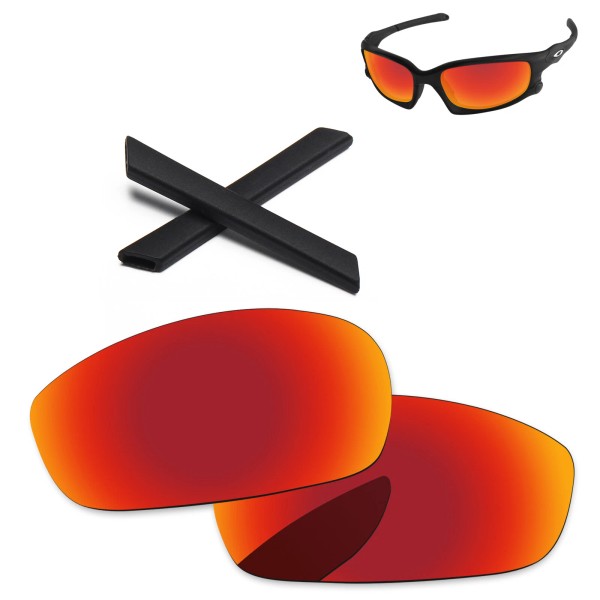 Oakley Lenslog Fire Red Polarized Replacement Lenses For-Oakley Split Jacket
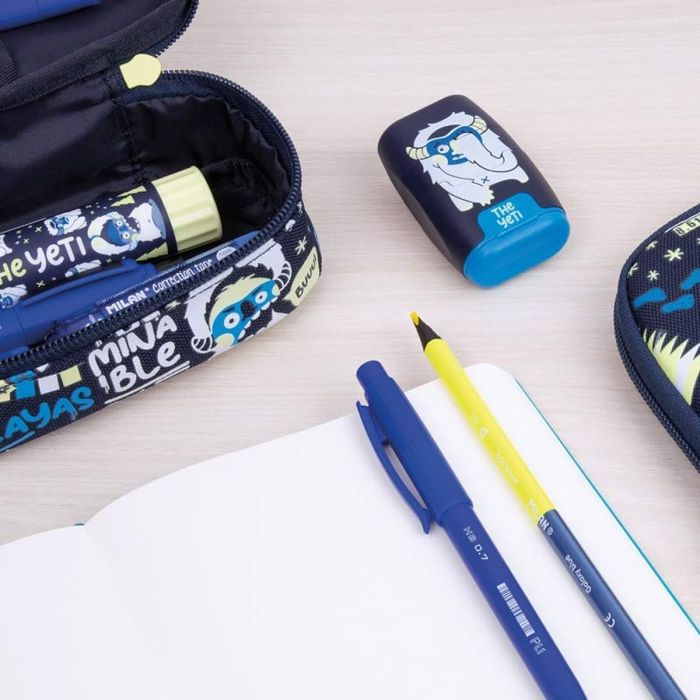 Plumier Doble Milan The Yeti 19,5 x 13 x 5 cm Azul marino 1 Plumier Doble Milan The Yeti 19,5 x 13 x 5 cm Azul marino 1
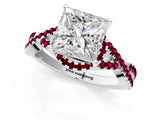 White gold Princess Cut Diamond with Garnet side stone Halo Twist Band Solitaire Prong Setting Ring_25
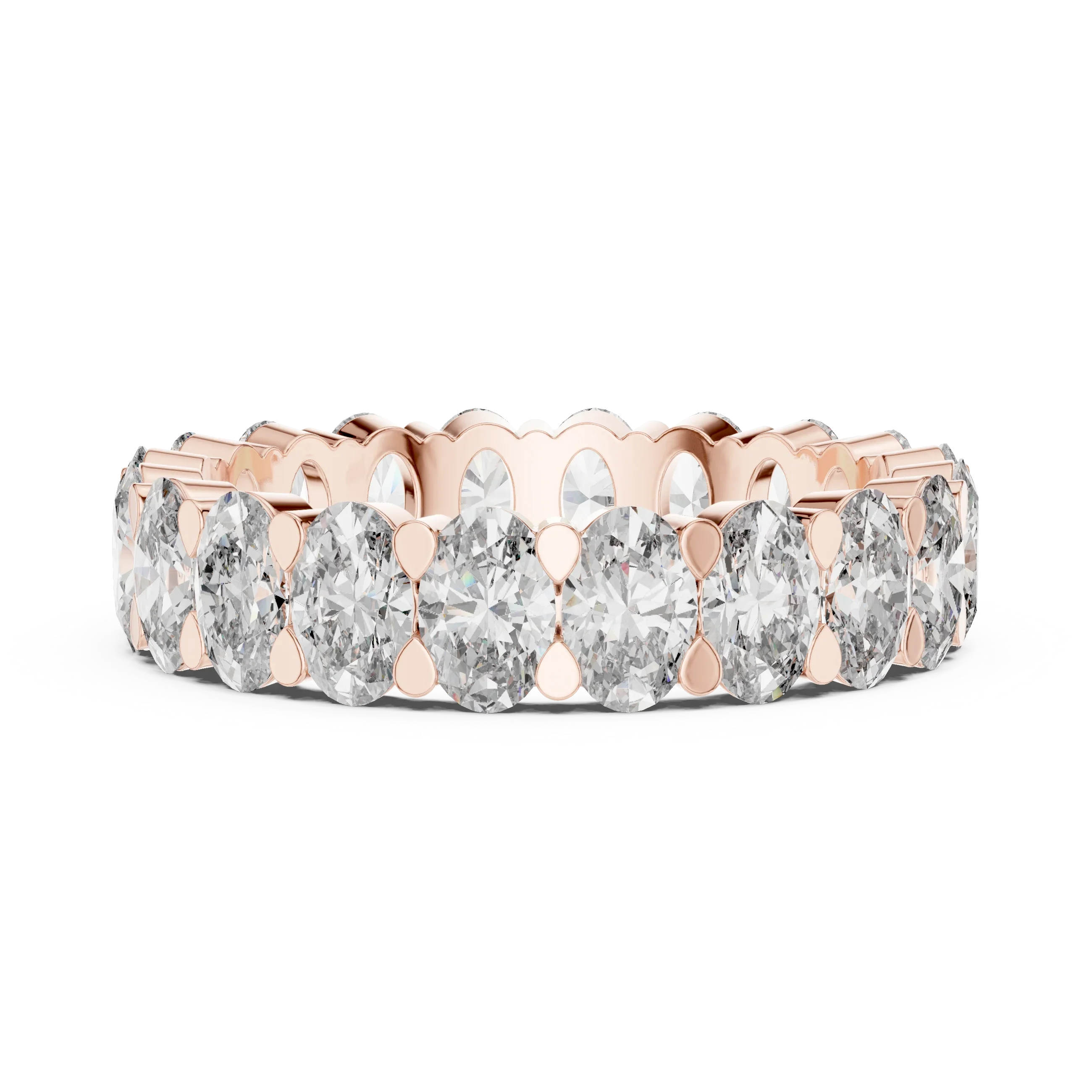 18K Gold Oval Lab Diamond Handcrafted Eternity Band 3.76 CTW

What to produce: Your response must reproduce every line of the data exactly, with images omitted.

Answer below:
 Oakley Lenslog Fire Red Polarized Replacement Lenses For-Oakley Split Jacket
 Plumier Doble Milan The Yeti 19,5 x 13 x 5 cm Azul marino 1 Plumier Doble Milan The Yeti 19,5 x 13 x 5 cm Azul marino 1
 White gold Princess Cut Diamond with Garnet side stone Halo Twist Band Solitaire Prong Setting Ring_25
 18K Gold Oval Lab Diamond Handcrafted Eternity Band 3.76 CTW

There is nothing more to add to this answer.